Parler de tapis d'Orient, c'est évoquer les mystères de la Turquie, de la Perse, de l'Inde, les fastes des Mille et Une Nuits, les féeries des palais des califes, la tiédeur des harems et la douce pénombre des mosquées impénétrables.

L'histoire de ces tapis est elle-même toute fabuleuse. En 637, les Arabes pillèrent, à Ctésiphon, le palais des Sassanides et ils s'emparèrent d'un magnifique tapis de valeur fabuleuse et de dimensions fantastiques : « Le Printemps de Chosroès ». L'empereur de Perse l'avait fait tisser tout spécialement pour lui. Considéré comme butin de guerre, il fut transporté à La Mecque et découpé pour servir au paiement de la solde impayée des soldats. Ceci justifie amplement que les Arabes étaient peu sensibles aux valeurs artistiques et esthétiques.

Les pacifiques noueurs de tapis d'Orient virent alors déferler d'autres invasions : Mongols d'abord, Timurides ensuite. Ils pillèrent tout le pays avec un remarquable esprit de rapine éclectique, satisfait par les trésors d'art dont regorgeait la Perse. Pendant un siècle, ils imposèrent aux tisserands perses de filer pour eux la laine des immenses troupeaux. C'est de la sorte que Timur fit de la cour de Samarkand un immense foyer artistique. Son essor ne fut pas brisé, mais au contraire accru par la conquête de Bagdad par les Turcs, puis par les Safavides.

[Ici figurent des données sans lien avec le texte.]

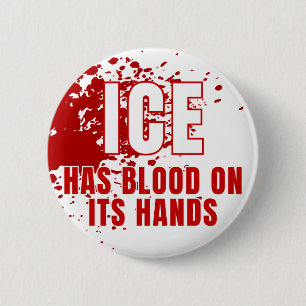 Badge Rond 5 Cm La ICE est égale à la Gestapo anti Trump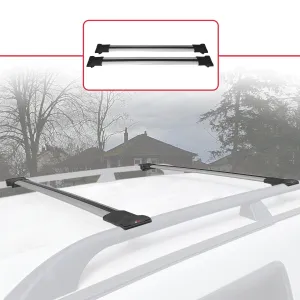Nissan NV200 2010-2019 Arası ile uyumlu FLY Model Ara Atkı Tavan Barı GRİ 3 ADET BAR thumb 2
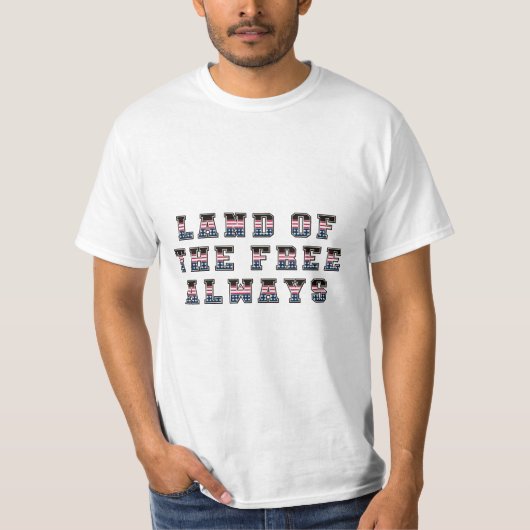 愛国USAハット 自由の国の自由な大地 Tシャツ (正面)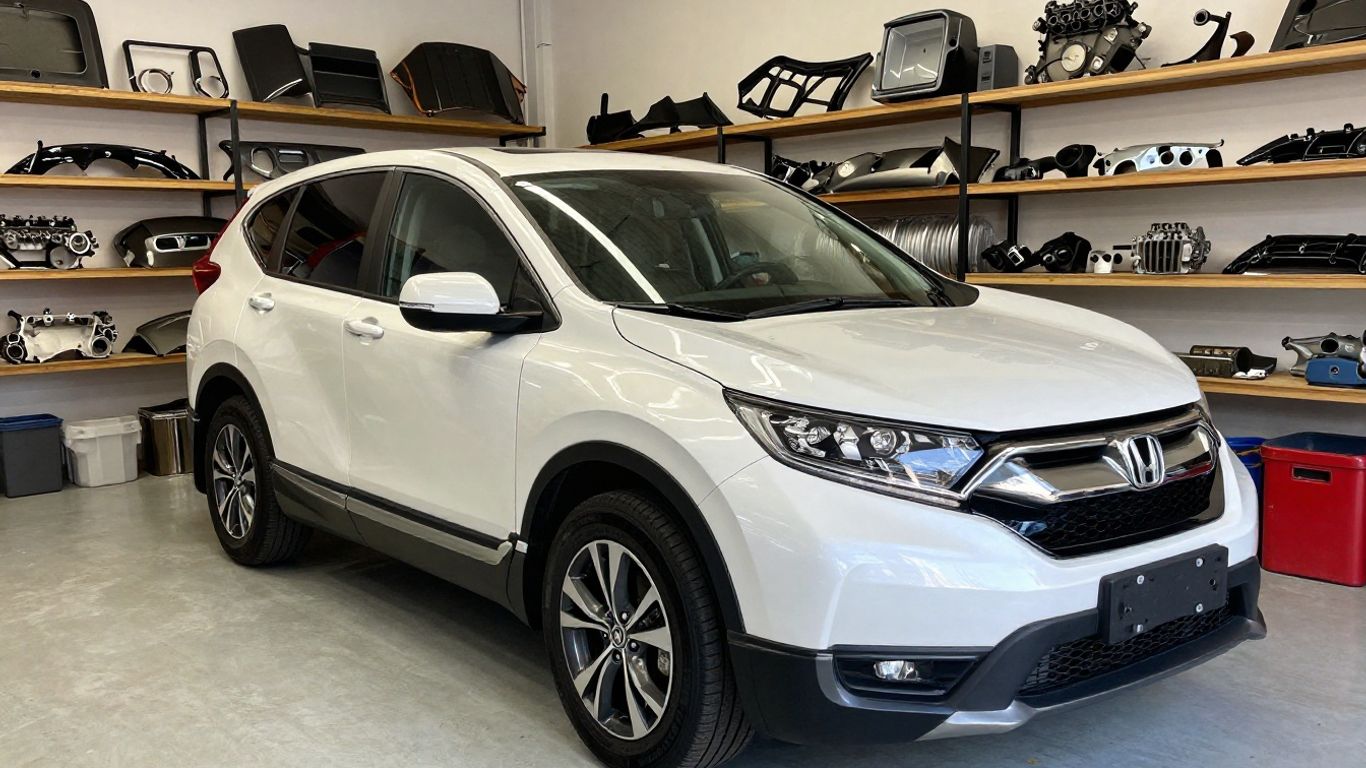 Honda CRV parts in a Sydney garage.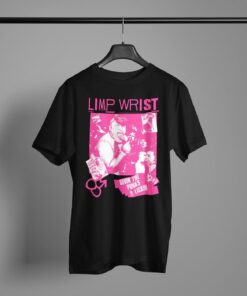 Limp Wrist Punk Rock Band Black T-shirt Best Gift For Fans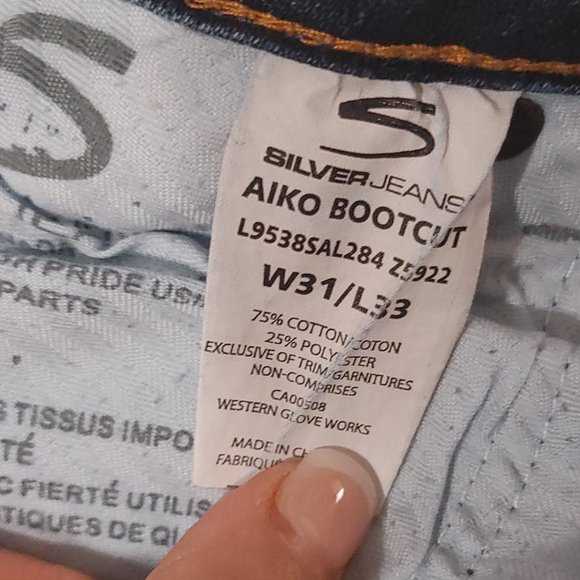 Silver Jeans Authentic Vintage Aiko size 31 - Picture 8 of 8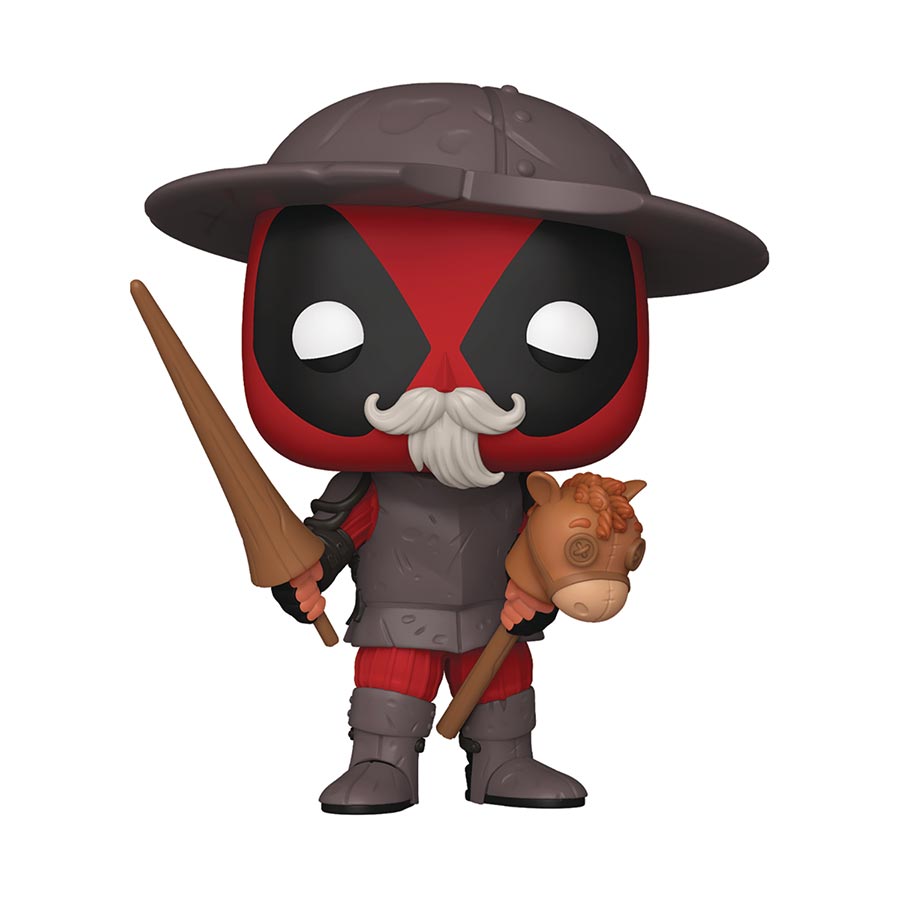 POP Plus Deadpool Literary Classic Deadpool As Don Quixote Vinyl Bobble Head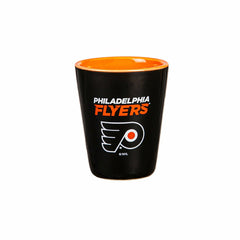 Philadelphia Flyers 4-Piece Ceramic and Glass 2oz. Shot Glass Set - NHL Home
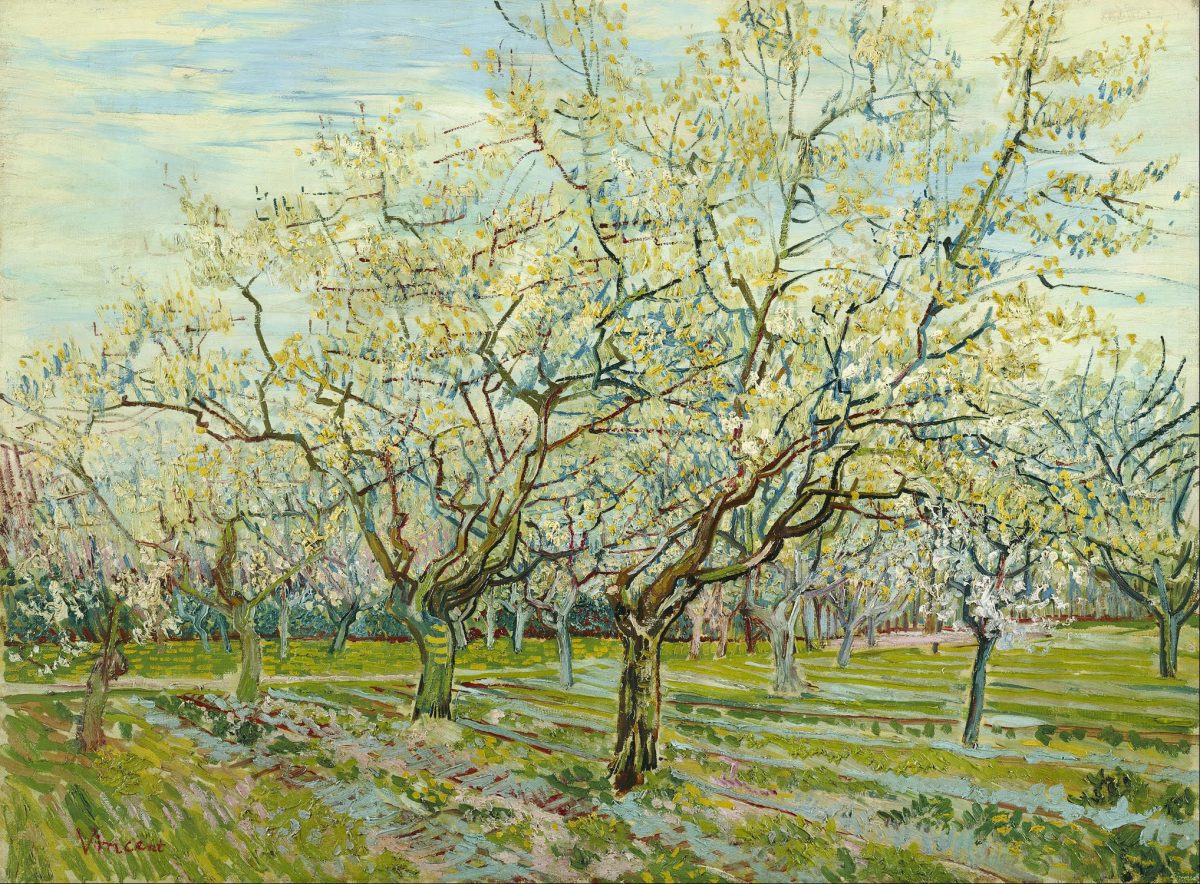 The White Orchard by Vincent Van Gogh - Famous Oil Painting Hand Painted Art Pieces for Sale.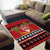 French Polynesia Christmas Area Rug Tiare Chilling Santa Oaoa I teie Noera - Polynesian Pride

A l'époque des Croisés, ces tapis étaient à la fois objets de luxe et d'art, particulièrement estimés des marchands vénitiens. De là naquit leur rayonnement mondial.

Étudier le tapis d'Orient est réaliser un immense et fastueux voyage dans toute l'Asie, non seulement actuelle mais historique, car des documents démontrent que son ancienneté dépasse cinq mille ans.

Et, aussi loin que l'on remonte, le noueur de tapis n'a jamais songé à fabriquer pour la vente à l'étranger. Les nomades n'ont jamais eu comme souci que leur usage personnel, soit ornementation de leurs habitats, soit protection contre le froid. Seuls les princes et grands féodaux possédaient de véritables manufactures, mais jamais ils n'exportaient et ne songeaient qu'à orner mosquées, palais et harems.

Ce n'est qu'au cours du XIXe siècle que le commerce du tapis a commencé son extension : il conquit alors le monde entier et eut une immense influence artistique sur les tapis occidentaux.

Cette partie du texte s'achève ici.